An archaeologist who has worked at Migdal from the beginning explains the structure of the synagogue.

To the west, but still on the north shore of the Sea of Galilee, the first century town of Migdal also boasts a noteworthy synagogue. Excavations first began as a rescue project in 2009 after a Mexican businessman obtained permission to build a hotel and shopping center near the sea, not expecting that the planned foundations would have cut through an ancient town that had been hidden for 2,000 years. Migdal means “watchtower,” so named because fishermen would build tall lookouts to help them locate where fish were schooling. Previously, Migdal (alternately, Magdala) was best known as the home of Mary Magdalene, one of Jesus’ strongest supporters.
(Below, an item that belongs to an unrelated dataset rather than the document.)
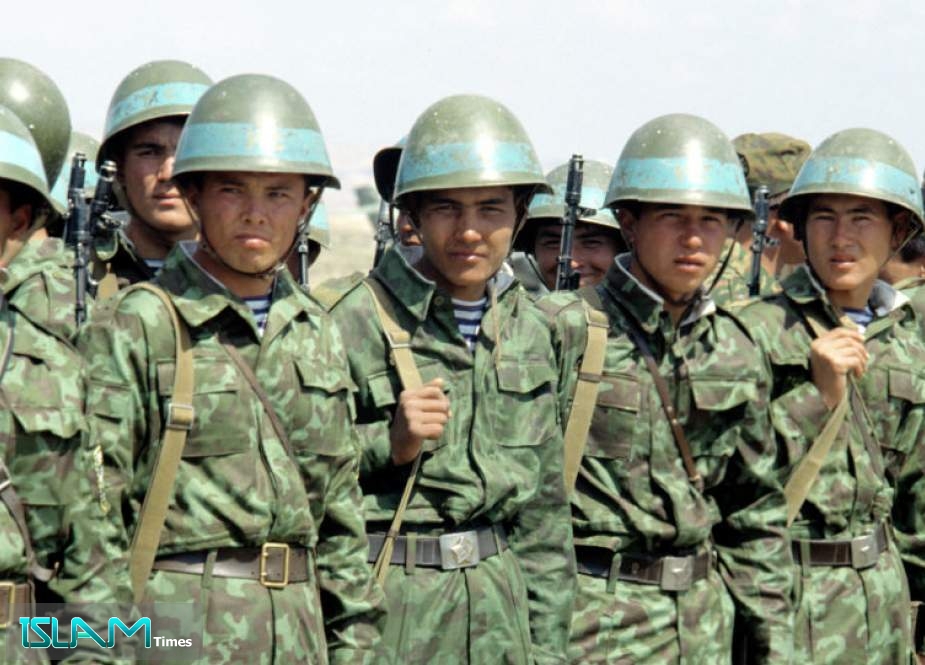 At Least 15 Militants Killed, 5 Captured Amid Attack on Tajik-Uzbek Border Checkpoint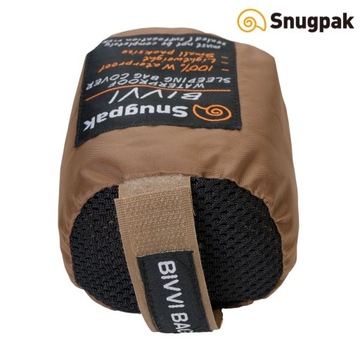 СУМКА SNUGPAK BIVI ВОДОНЕПРОНИЦАЕМАЯ NORKA COY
Replica of a stone reading table from the first century synagogue at Migdal.  The original was taken to the Israel Museum for safekeeping and future display.

Stone reading table from the first century synagogue at Migdal.

The synagogue in Migdal is notable for because it is certain to have been in use during the first century and was square in the middle of the area in which Jesus was said to have taught and preached in all the synagogues. So, it’s most likely that Jesus would have taught in that synagogue, where a rare find came to light: an elaborately carved, tilted stone table upon which the Torah would have been unrolled and read to members of the congregation, who sat on stone benches around the perimeter. Carvings on the front of the table appear to depict the entrance to the temple in Jerusalem, with a menorah and two oil lamps or jugs flanked by large columns.

The Sea of Galilee, from the shore at Capernaum.

The Sea of Galilee, from the shore at Capernaum.

A lunch of St. Peter’s Fish, a boat ride on the Sea of Galilee, and a visit to the Ancient Boat Museum adjacent to our hotel in Ginosar rounded out a rather relaxing day of learning, worship, and pondering what it means to walk where Jesus walked — and to ask ourselves to what extent we walk as Jesus walked.